Bilder aus Tel Aviv aus den frühen Morgenstunden zeugen von Erleichterung und Freude angesichts der Nachrichten über eine Einigung zwischen Israel und der islamistischen Hamas. Die Bilder stammen vom sogenannten Geiselplatz im Zentrum von Tel Aviv, dem Ort zahlreicher Kundgebungen und Versammlungen der vergangenen zwei Jahre, an dem Angehörige und Unterstützer das öffentliche Bewusstsein für die Verschleppten wachhalten. Später leerte sich der Platz weitgehend, weil es regnete, wie die "Times of Israel" schreibt. Auf einem Foto ist ein Mann mit Regenschirm zu sehen – andere haben sich in Israel-Flaggen gehüllt. 

Auf einem Foto aus der Nacht wird eine amerikanische Flagge geschwenkt – ein Zeichen dafür, dass der lang ersehnte Durchbruch der US-Regierung von Präsident Donald Trump zugeschrieben wird. "Wir können endlich wieder atmen", heißt es in einem online veröffentlichten Brief des Forums der Geiselfamilien an Trump, in dem die Angehörigen ihn einladen, sie bei einem möglichen Besuch in Israel zu treffen oder gar auf dem Platz eine Rede zu halten.

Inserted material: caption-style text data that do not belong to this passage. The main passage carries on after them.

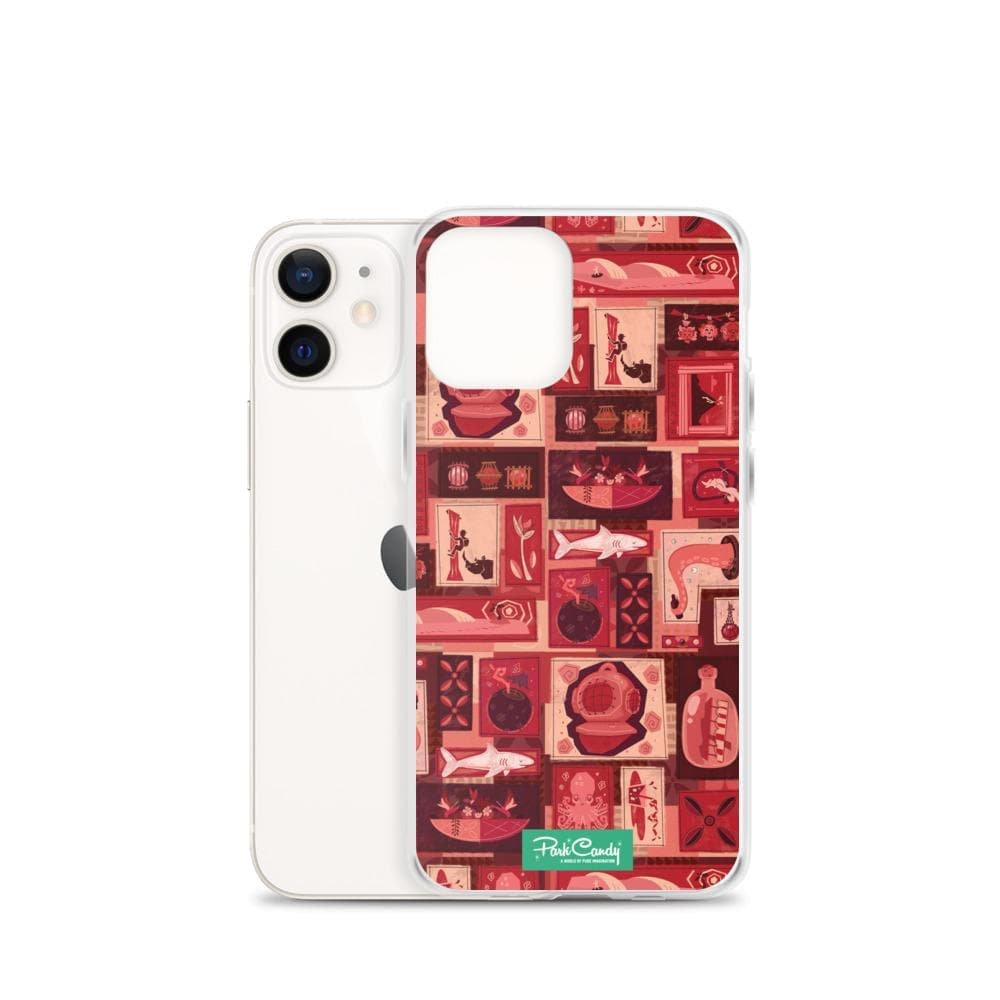 Tiki Tiki iPhone Case | Park Candy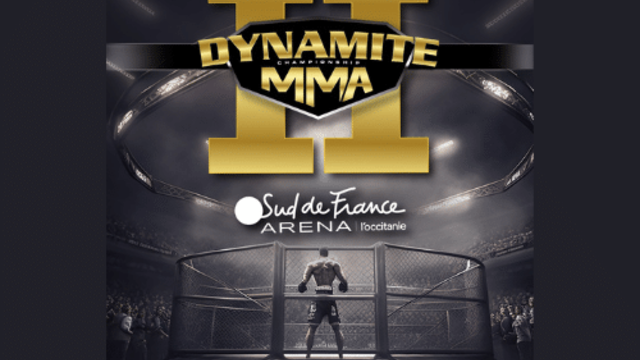 500 Mma 2024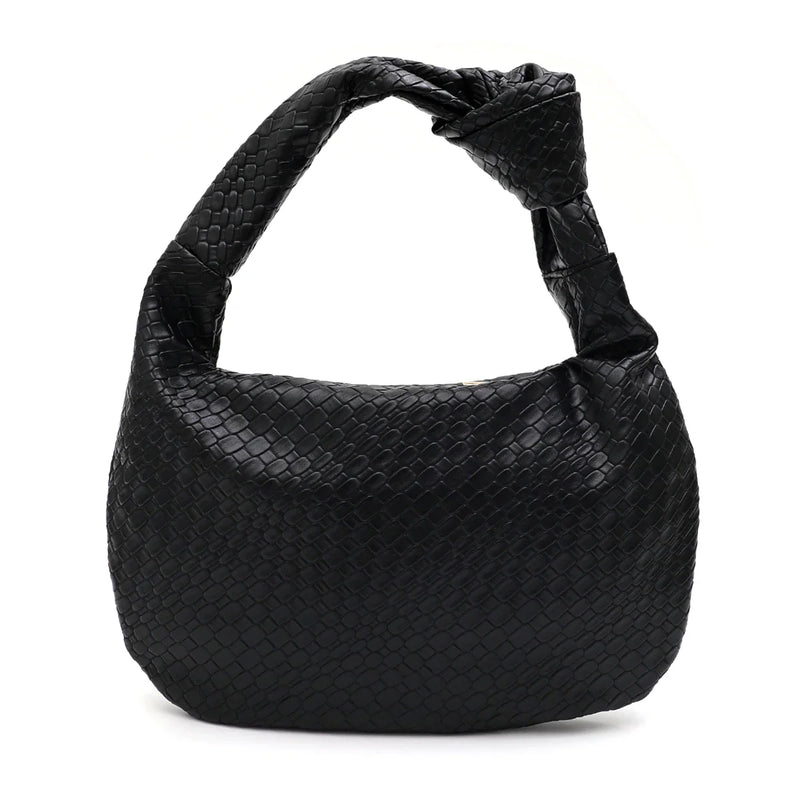 Bolso Anudado Trendy
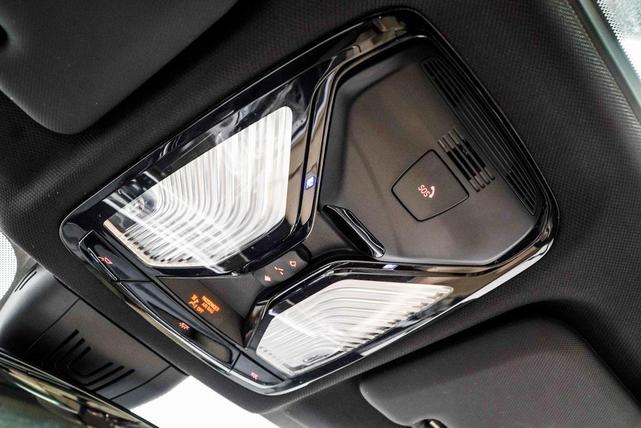 Photo of 2022 Arctic Grey Metallic BMW X5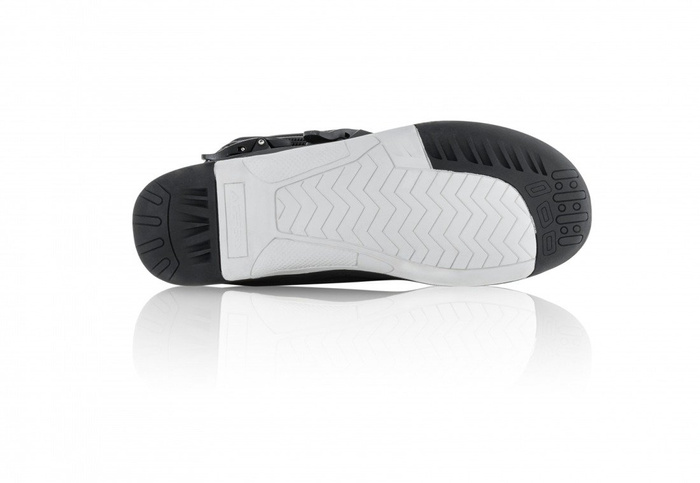 Acerbis Stiefel X-Team Motocross Supermoto Enduro alle Größe 39 - 47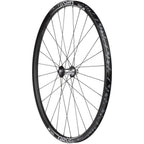 Shimano Ultegra/DT GR531 Front Wheel - 700c, 12 x 100mm, Center-Lock, Black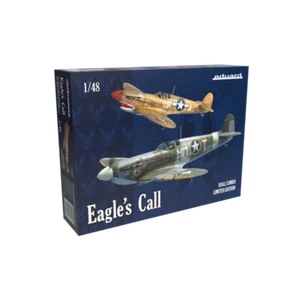 11149 1/48 Eagles Call Plastic Model Kit - Picture 1 of 1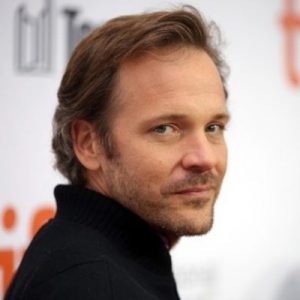 Peter Sarsgaard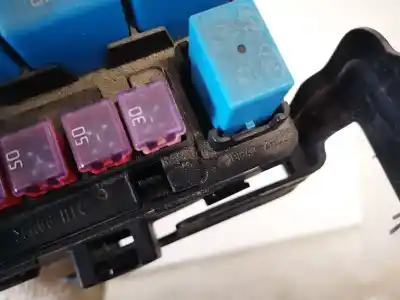 Second-hand car spare part fuse box unit for kia ceed (ed) 1.6 crdi 115 oem iam references 919402h000  91940-2h000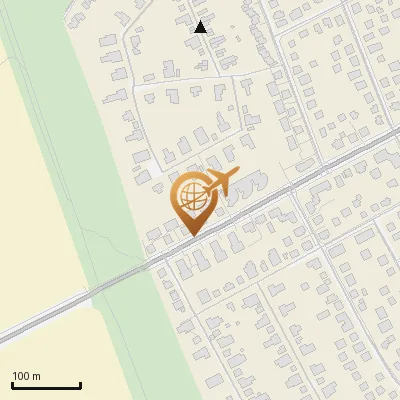 Foto zu Groß-Ziethener Chaussee 148-160, 12355 Berlin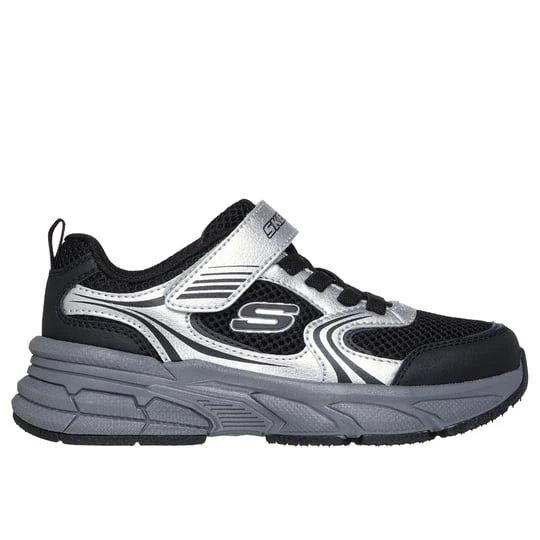 Zdjęcie produktu Skechers Retro-Graph - Srebrny / Czarny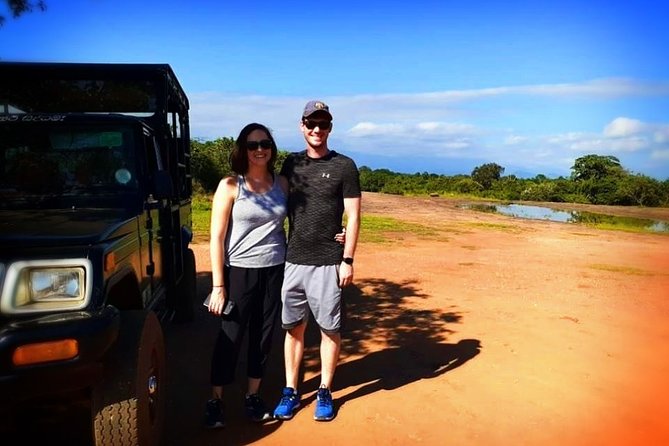 Udawalawe National Park 6-Hour Private Safari Tour - Six hours gives Udawalawe room to breathe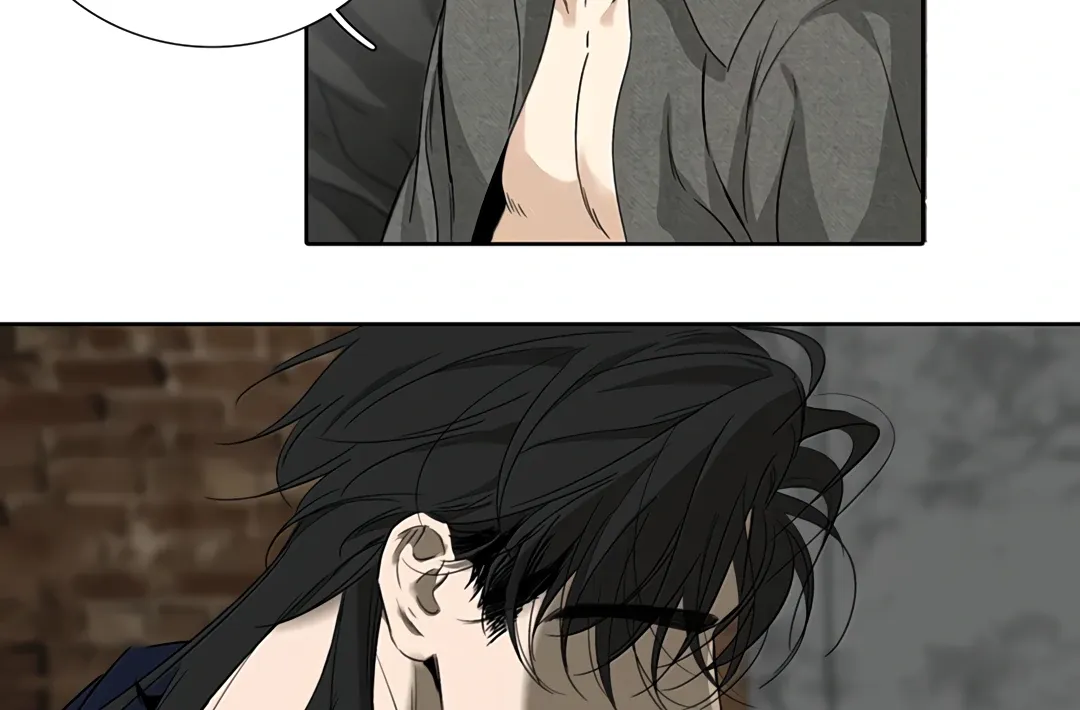 Autumn at the Cemetery Chapter 19 page 9 - 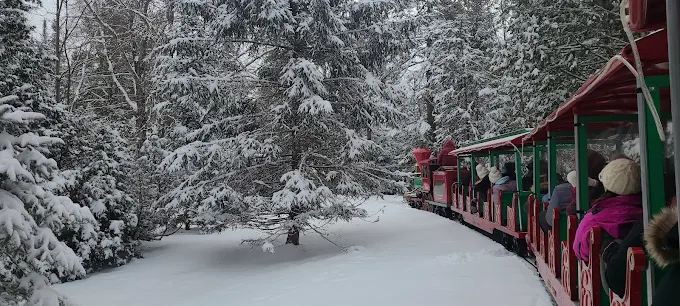 Santa's Village (New Hampshire)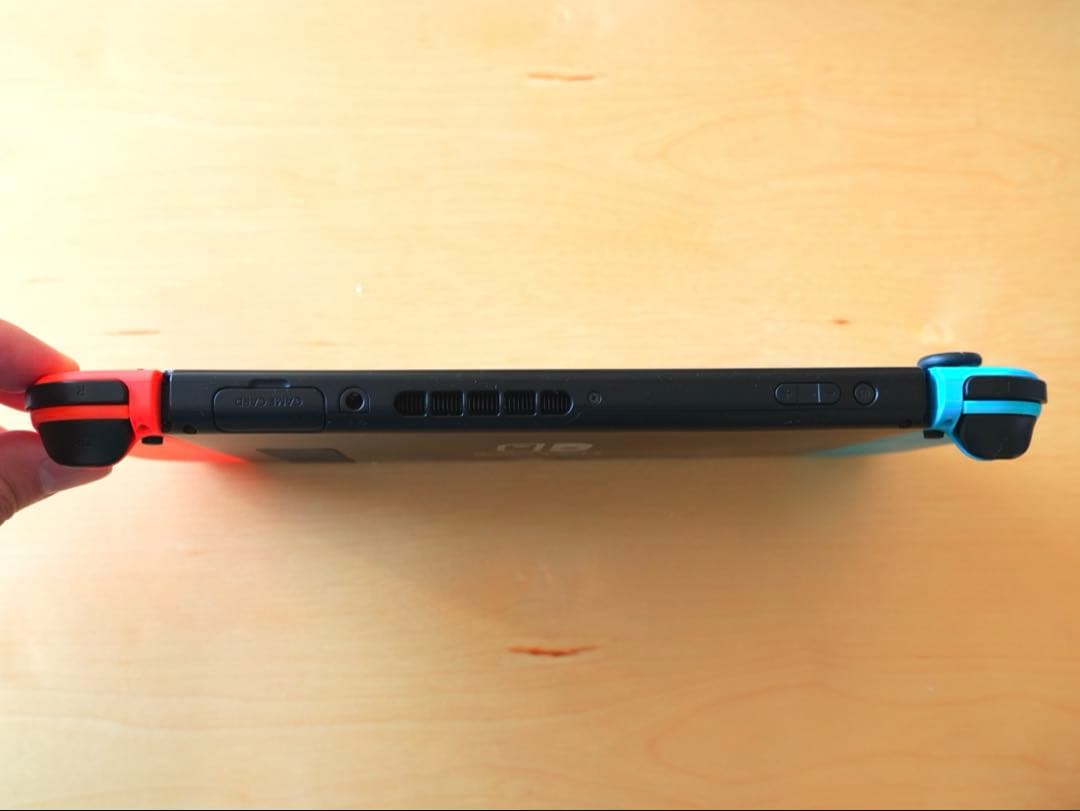 【64GB SD&4コントローラ付】Nintendo Switch 本体+ドック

Angehörige und Unterstützer der israelischen Geiseln feiern in Tel Aviv
Angehörige und Unterstützer der israelischen Geiseln feiern nach der Bekanntgabe, dass Israel und die Hamas sich auf die erste Phase eines Friedensplans geeinigt haben
© Ohad Zwigenberg / AP / DPA

Die indirekten Verhandlungen hatten am Montag begonnen, mit dem Ziel, den seit zwei Jahren laufenden Gaza-Krieg schrittweise zu einem Ende zu führen. Unter anderem der US-Sondergesandte Steve Witkoff, Israels Minister Ron Dermer und Chalil al-Haja, der höchste Vertreter der Hamas im Ausland, reisten dafür nach Scharm El-Scheich. Versuche, den Gaza-Krieg zu beenden, waren in der Vergangenheit mehrfach gescheitert.

Ausgelöst worden war der Krieg im Gazastreifen durch den Überfall von Kämpfern der Hamas und mit ihr verbündeter Islamisten auf Israel am 7. Oktober 2023. Nach israelischen Angaben wurden dabei mehr als 1200 Menschen getötet. 251 Menschen wurden in den Gazastreifen verschleppt.

Seither geht Israel massiv militärisch im Gazastreifen vor. Dabei wurden nach Angaben des von der Hamas kontrollierten Gesundheitsministeriums, die sich nicht unabhängig überprüfen lassen, mehr als 67.100 Menschen getötet. Die humanitäre Lage in dem Palästinensergebiet ist katastrophal.

Hinweis: Dieser Artikel wurde aktualisiert und um weitere Informationen ergänzt.